Nach dem Training sind wir völlig fertig nach Hause gekommen, aber waren voller Vorfreude, nun endlich unser Zimmer beziehen zu können. Doch die gute Laune wurde uns schnell genommen, als Lotta lebendige Wanzen auf ihrem Bett entdeckt hat. Eine große Enttäuschung! Ich war echt froh, bisher von den Stichen verschont zu bleiben. Trotzdem empfinde ich es als große Zumutung, die Unterbringung mit diesen blutsaugenden Monstern zu teilen. Wir wussten nicht mehr weiter. Was sollten wir noch machen? Ohne eine Antwort auf diese Frage geht der Alltag weiter...

 

Mit der preschool hat sich inzwischen alles ganz gut eingespielt. Es ist im Vergleich relativ einfach. Die Kindern sind gut gelaunt und man braucht kein ausgefeiltes Sportprogramm. In der Schule ist auch viel los, da es die letzte Woche vor den Ferien ist. Am Donnerstag bekommen die Schüler ihre Zeugnisse und danach kommt eigentlich keiner mehr zur Schule, obwohl noch keine Ferien sind. Am Mittwoch hatte schon keine Klasse mehr wirklich Unterricht und wir haben mit allen Schülern, die Lust hatten, ein paar Sportspiele gespielt. Also haben wir "where is the fire in the mountain", "who is scared of the lion", "open the gate" und "rocks/river" ausprobiert. Der erste Schultag, der richtig viel Spaß gemacht hat! 

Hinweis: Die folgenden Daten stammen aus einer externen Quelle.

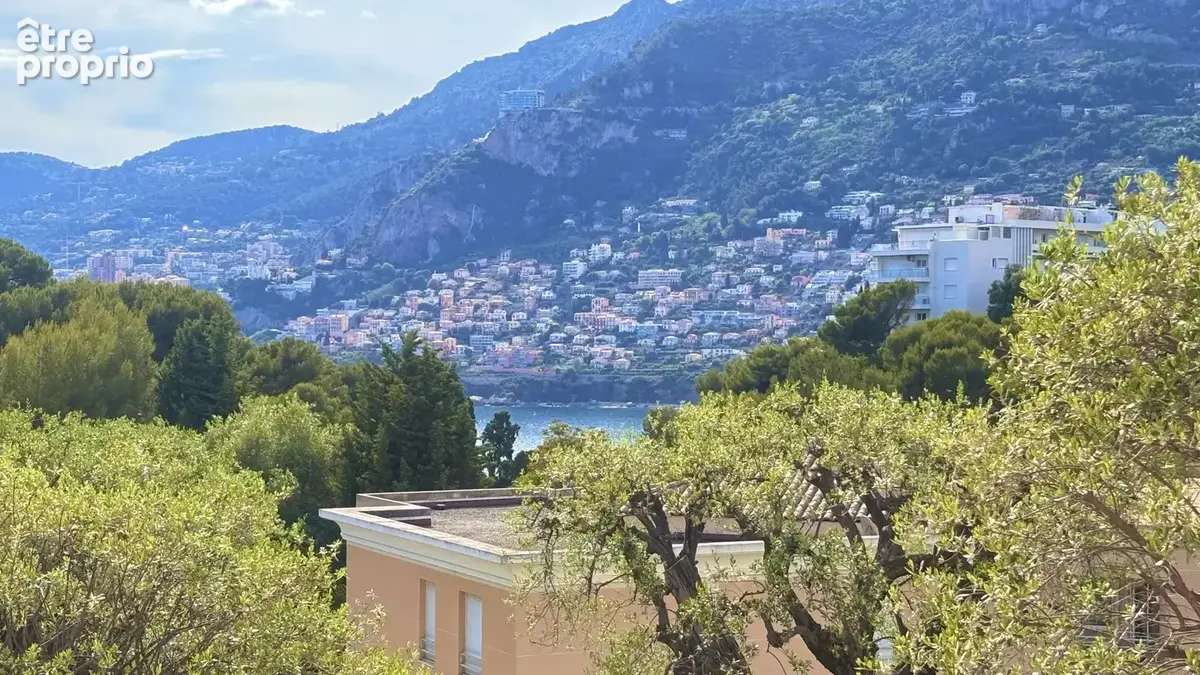Appartement à ROQUEBRUNE-CAP-MARTIN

Als wir am Donnerstagmittag zur Schule gingen, kamen uns schon viele Schüler mit ihren Zeugnissen entgegen und begrüßten uns schon aus weiter Ferne freundlich. Vor Ort stellten wir fest, dass kein Schüler mehr da ist. Somit war auch das angesetzte Ultimate Training gecancelt. Mr. Mnweba meinte am Mittwoch schon, dass am Freitag eigentlich kein Unterricht stattfindet und wir Zuhause bleiben können. Also haben wir jetzt bis zum 1.10 Ferien. Ferien! Nach drei Jahren Ausbildung mit 30 Tagen Urlaub im Jahr habe ich Ferien wirklich vermisst. 

 

Zum Ferienauftakt fuhren wir wieder zu den Freiwilligen aus EL um dort anzustoßen und die Nacht zu verbringen. Leider musst ich am nächsten Morgen zehn Bettwanzenstiche an meinen Körper feststellen. Nun hat es mich also auch erwischt. Ich hab meine Matratze nach draußen gebracht und fand darunter fünf, mit vermutlich meinem Blut in sich,  lebende Bettwanzen. Wir mussten den Bereich gründlich reinigen, um einen Befall in dieser WG auszuschließen. Sicherheitshalber haben die Freiwilligen aus EL alles gewaschen. Absolut alles! Ich hoffe nur, dass sie verschont bleiben und ich die Parasiten nicht verschleppt habe. Zwischenzeitlich habe ich Finja ins Krankenhaus gebracht, da sie wegen den Pestiziden ernsthafte Atemwegsprobleme hatte. An dieser Stelle gute Besserung und hoffentlich werden wir diese Biester bald los. Nächste Woche Montag wollen wir nach Coffee Bay. Allerdings müssen wir uns noch genau überlegen, wie wir das machen, ohne die Bettwanzen zu verschleppen.